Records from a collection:
::::
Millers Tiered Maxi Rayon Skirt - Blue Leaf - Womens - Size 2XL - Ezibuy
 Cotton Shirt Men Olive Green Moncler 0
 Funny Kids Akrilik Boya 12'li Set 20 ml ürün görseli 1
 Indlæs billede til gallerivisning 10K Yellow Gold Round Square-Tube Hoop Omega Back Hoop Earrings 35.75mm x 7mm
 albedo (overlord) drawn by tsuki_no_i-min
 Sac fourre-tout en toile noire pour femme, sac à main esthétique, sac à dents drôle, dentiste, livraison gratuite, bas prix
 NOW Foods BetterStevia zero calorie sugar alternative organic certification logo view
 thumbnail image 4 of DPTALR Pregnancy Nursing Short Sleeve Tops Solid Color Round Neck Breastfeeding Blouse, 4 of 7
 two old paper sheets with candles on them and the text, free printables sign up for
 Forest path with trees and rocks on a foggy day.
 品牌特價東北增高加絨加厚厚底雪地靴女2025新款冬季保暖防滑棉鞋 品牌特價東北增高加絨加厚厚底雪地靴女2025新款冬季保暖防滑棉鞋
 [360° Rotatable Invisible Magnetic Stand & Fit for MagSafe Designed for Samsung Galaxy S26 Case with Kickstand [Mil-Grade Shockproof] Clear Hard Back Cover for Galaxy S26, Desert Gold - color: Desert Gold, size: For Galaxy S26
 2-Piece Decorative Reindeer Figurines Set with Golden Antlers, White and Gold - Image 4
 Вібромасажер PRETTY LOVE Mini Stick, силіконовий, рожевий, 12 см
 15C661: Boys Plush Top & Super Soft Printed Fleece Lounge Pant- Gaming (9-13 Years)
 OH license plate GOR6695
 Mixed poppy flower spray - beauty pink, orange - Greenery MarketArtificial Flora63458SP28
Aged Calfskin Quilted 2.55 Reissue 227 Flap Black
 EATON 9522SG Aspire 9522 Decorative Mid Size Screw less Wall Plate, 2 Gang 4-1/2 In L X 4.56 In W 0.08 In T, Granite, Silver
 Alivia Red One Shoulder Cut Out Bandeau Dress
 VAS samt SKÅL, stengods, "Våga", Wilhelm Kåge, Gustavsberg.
::::
** Exercise prompt **
Pull out all lines of the data with the string "Decorative".

** Solution to the exercise **
 2-Piece Decorative Reindeer Figurines Set with Golden Antlers, White and Gold - Image 4
 EATON 9522SG Aspire 9522 Decorative Mid Size Screw less Wall Plate, 2 Gang 4-1/2 In L X 4.56 In W 0.08 In T, Granite, Silver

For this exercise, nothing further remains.